What you have to do: Only the lines from the line containing "Page 20 of Chapter 66" to the end of the entries, both included, belong in your answer, and each must match exactly.

┌──

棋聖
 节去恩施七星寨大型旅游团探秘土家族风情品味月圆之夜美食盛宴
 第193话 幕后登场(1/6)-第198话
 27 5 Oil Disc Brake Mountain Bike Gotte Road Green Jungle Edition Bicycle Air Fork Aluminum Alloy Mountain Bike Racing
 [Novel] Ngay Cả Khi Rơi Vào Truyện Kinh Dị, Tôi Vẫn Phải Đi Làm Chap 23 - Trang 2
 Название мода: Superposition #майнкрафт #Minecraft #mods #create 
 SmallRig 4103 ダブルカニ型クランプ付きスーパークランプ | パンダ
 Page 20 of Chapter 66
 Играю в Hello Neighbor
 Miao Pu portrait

└──

Exercise response:
 Page 20 of Chapter 66
 Играю в Hello Neighbor
 Miao Pu portrait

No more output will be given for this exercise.